Image-text web data:
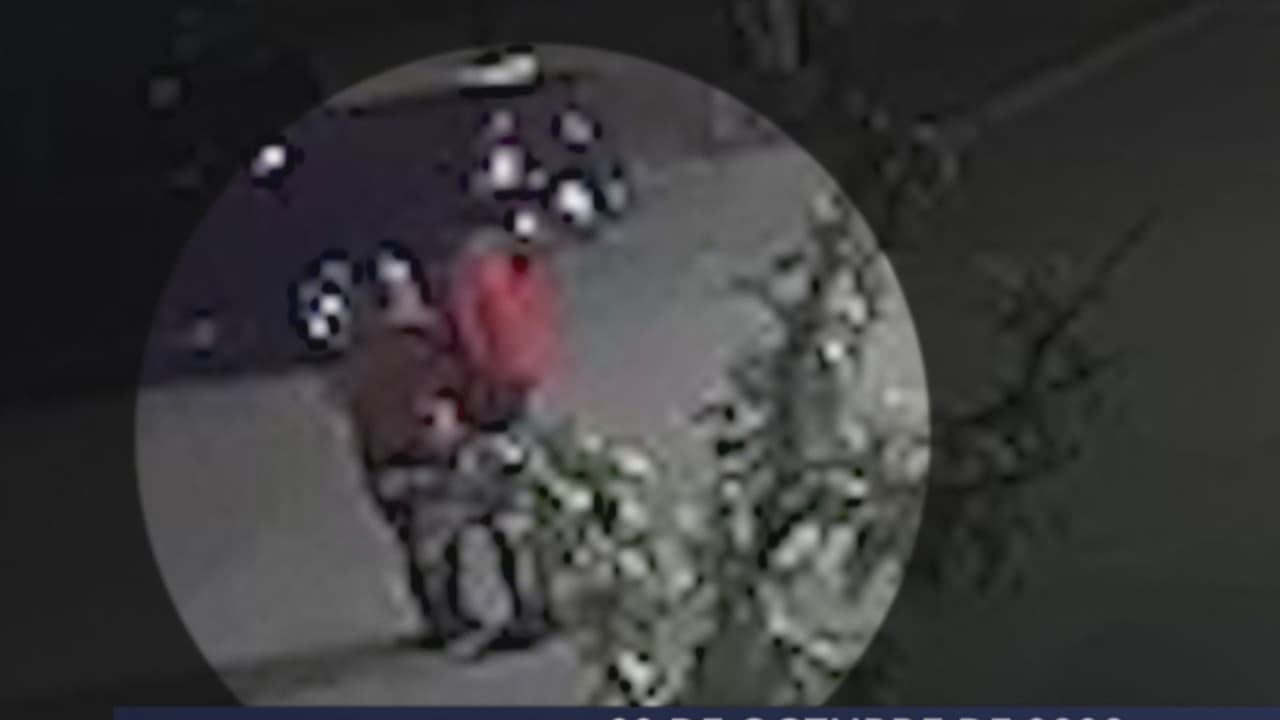 Video muestra el asalto a mano armada de una madre hispana en Oak Cliff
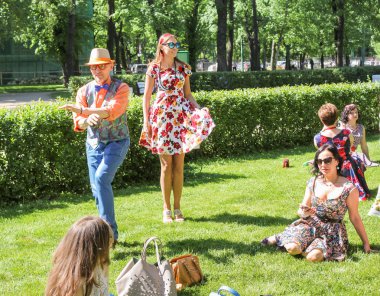 St. Petersburg, Rusya - 26 Mayıs, 2018. Retro göster grubunda, St. Petersburg şehir gün tatil.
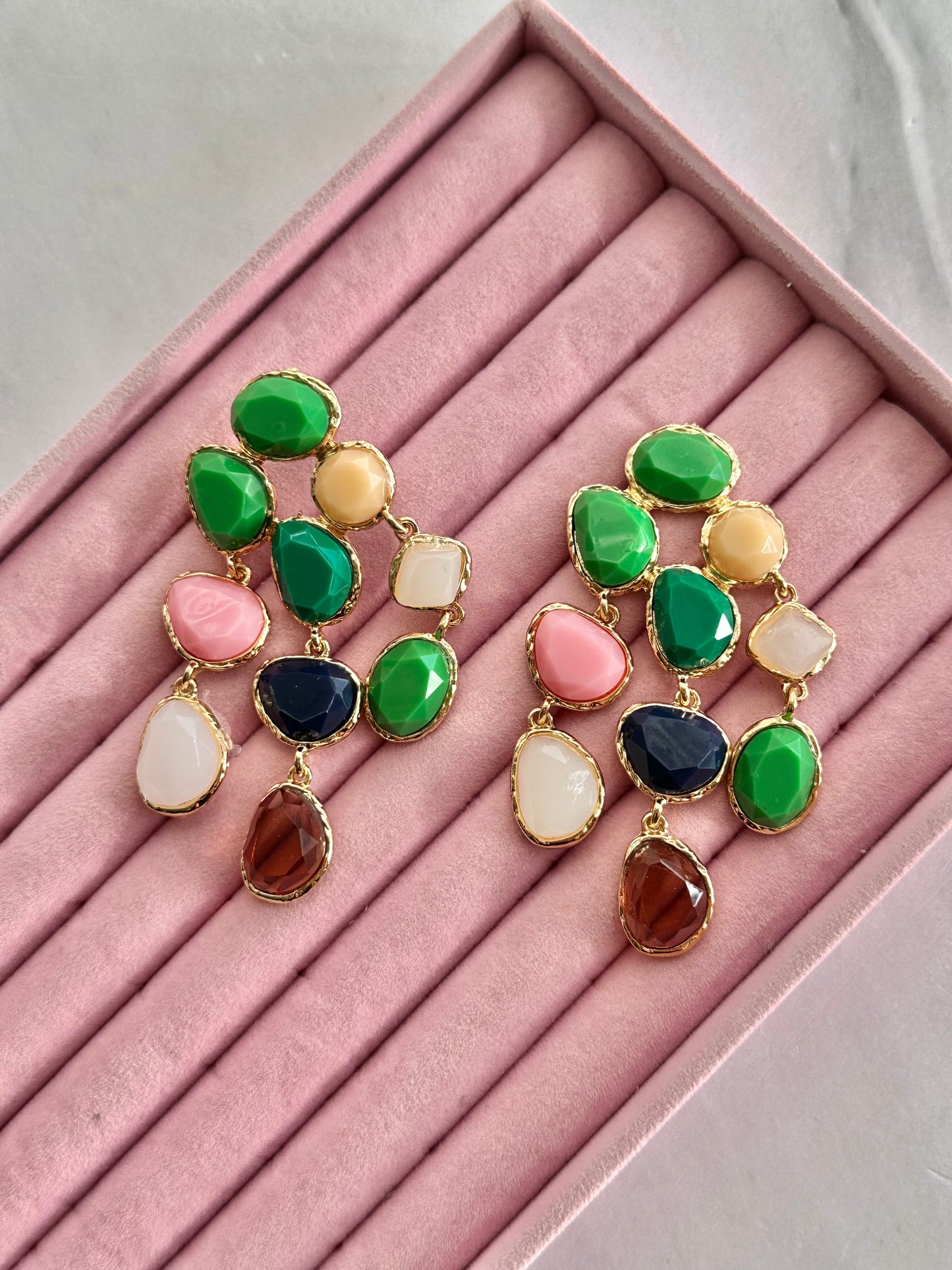 ARETES LARGOS PIEDRAS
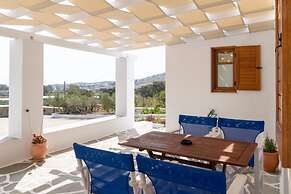 Theodora s Suite in Agios Charalampos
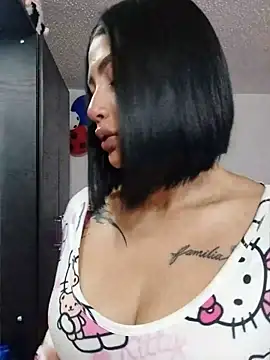Snapshot of Kylie_brazt chatting on 07-14-26, 01:41 Kylie brazt online show from 07-14-26, 01:41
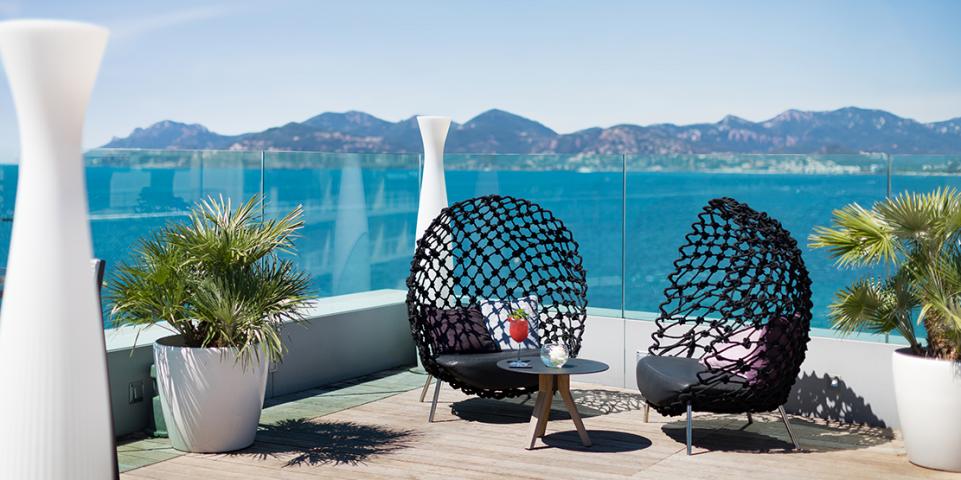 Le rooftop du Radisson Blu 1835 Hotel & Thalasso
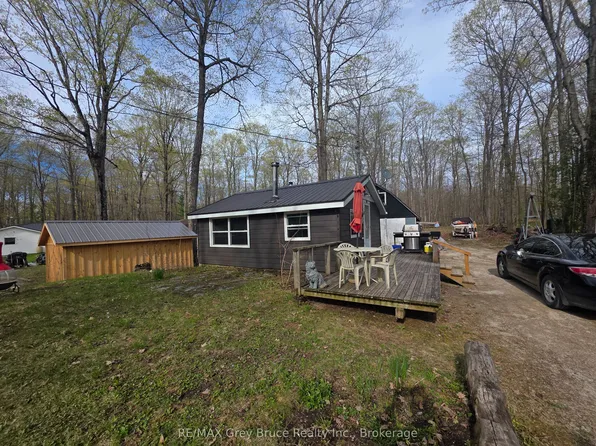 151 Francis Dr, Georgian Bluffs, ON N0H 2K0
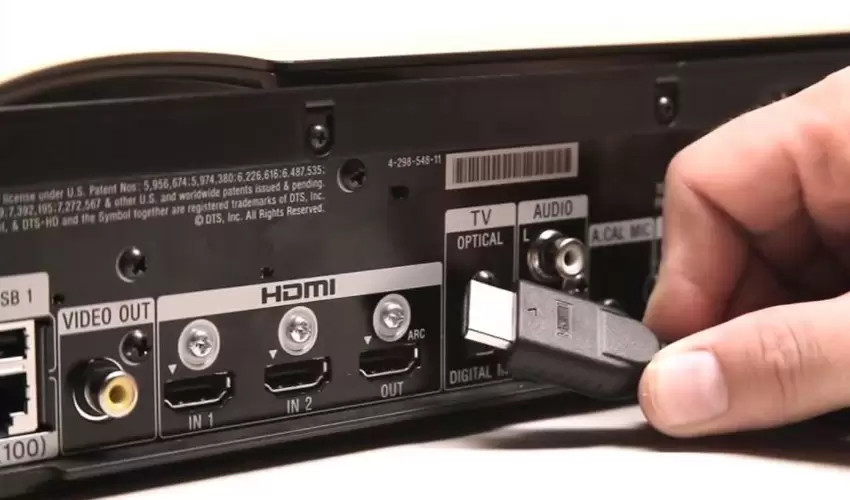 Cắm dây cắm HDMI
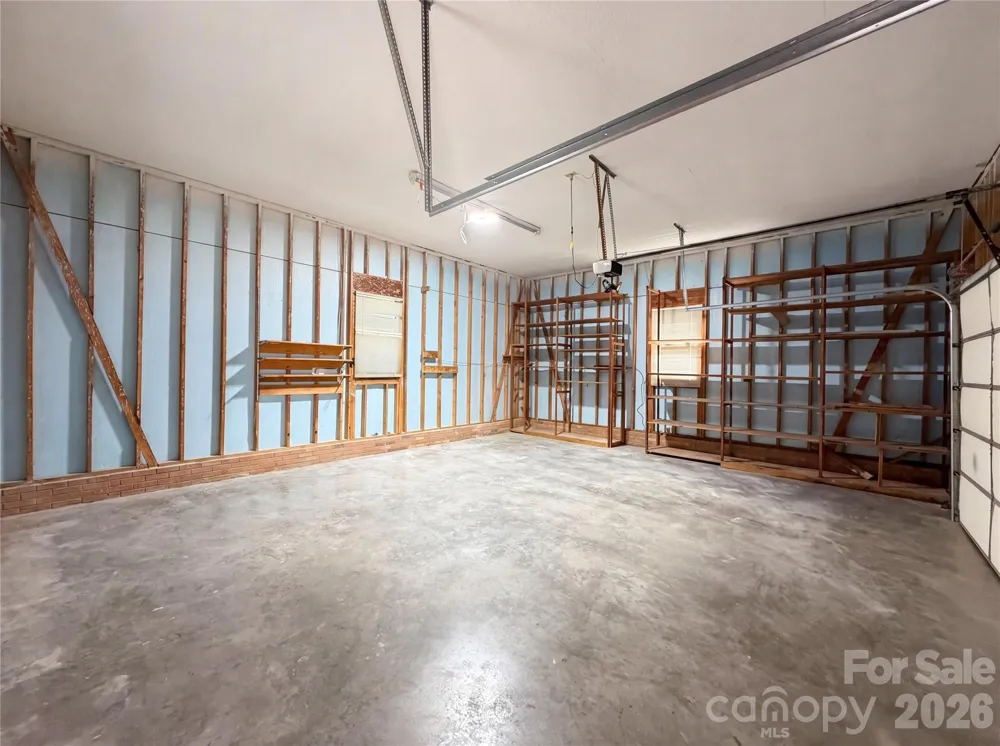 8400 Chestnut Oak Court Harrisburg, NC 28075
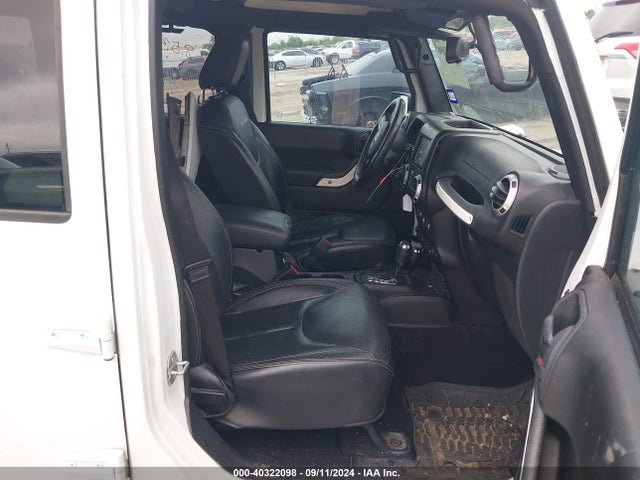 1C4BJWEGXFL710349 Jeep Wrangler Unlimited Sahara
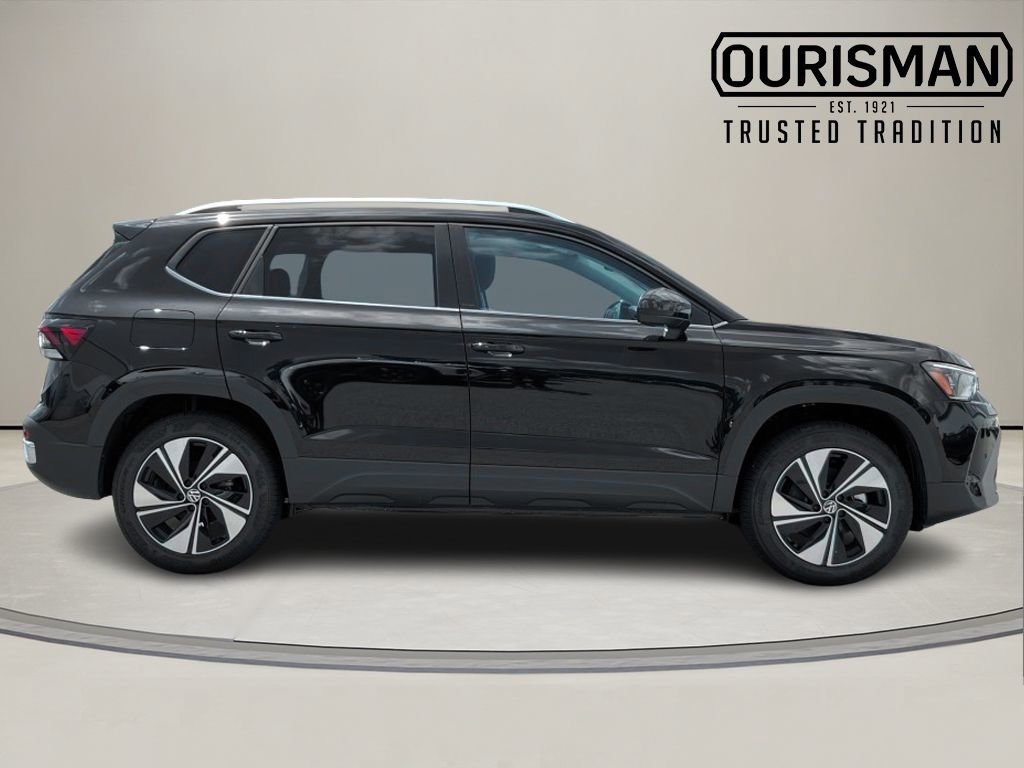 New 2025 Volkswagen Taos SE image 2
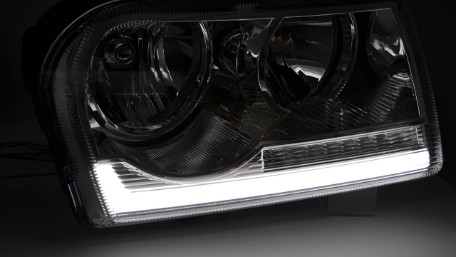 Prednja svjetla SEQ žmigavci TubeLight dizajn (chrome) / CHRYSLER 300C (2005-2008), LPCH50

■ Work request
Return exactly, with no pictures, each line from the one that contains "Cắm dây cắm HDMI" through the end of the entries above, both ends included.

■ Exercise output
 Cắm dây cắm HDMI
 8400 Chestnut Oak Court Harrisburg, NC 28075
 1C4BJWEGXFL710349 Jeep Wrangler Unlimited Sahara
 New 2025 Volkswagen Taos SE image 2
 Prednja svjetla SEQ žmigavci TubeLight dizajn (chrome) / CHRYSLER 300C (2005-2008), LPCH50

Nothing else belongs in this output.